Now, all that said, back to proportions. I recently had an uncomfortable discussion with a woman who decided that she had lipedema. June is Lipedema Awareness Month, and I've been posting on my social media pages about it a lot. I really want women to learn about it and talk to their doctors if they think they have it, but I also want the general public to learn to recognize it so that some of the stigma is lessened. It is unbelievably painful to be labeled as fat and lazy when you have a disease that causes the "fat," a physically painful, debillitating incurable disease. A disease that is poorly understood, rarely recognized and has few treatment options. I can give you lots of reasons that fat, in general, should be destigmatized, but this is my blog about lipedema, so I'm going to stay on topic: We need more awareness so that sufferers don't have to be crushed under the shame AND the weight of the disease.

She couldn't really understand why someone with a round body and stick arms and legs probably didn't have lipedema. The fact is that body type really does come into play. Women with lipedema do come in all shapes and sizes -- that's a fact.
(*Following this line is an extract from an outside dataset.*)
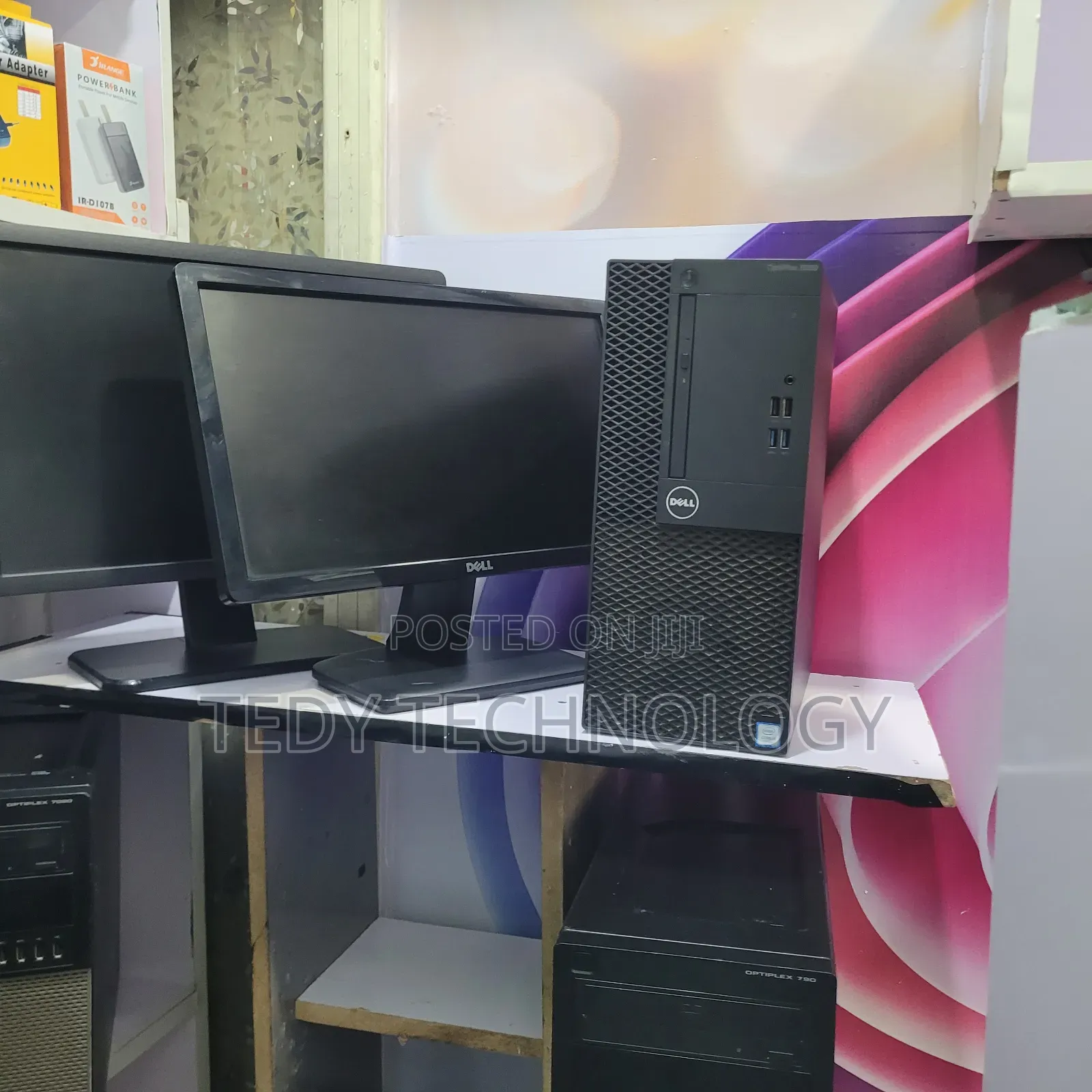 Desktop Computer Dell OptiPlex 3050 8GB Intel Core i5 HDD 500GB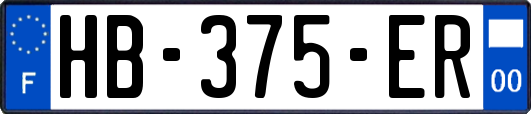 HB-375-ER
But, generally speaking, the lipedema fat tends to accumulate on the legs first, so legs and hips tend to be disproportionately larger than the rest of the body. Even if they are not, they still have a characteristic shape and texture (lumpy, bumpy). She's having a hard time getting a diagnosis (seen one doctor and one specialist already and will probably continue seeing more in her search for her "get out of fat free" card -- seriously, that's what she calls lipedema). But that's probably because she (most likely) doesn't have lipedema.

For most of us, we struggle to get an accurate, respectful diagnosis because the disease is so rarely recognized in its early stages and so easily confused with obesity in its later stages. Personally, I find it offensive to call it a "get out of fat free" card. When you have lipedema, you don't get out of fat. You live in an ugly, painful suit of fat the rest of your life. You never get out of it. And while you may know it's not your fault and that it's a disease, others don't. So you get to live with their ignorant judgments, too.

It feels like an uphill battle sometimes.

Happy Lipedema Awareness Month anyway. We'll get there someday.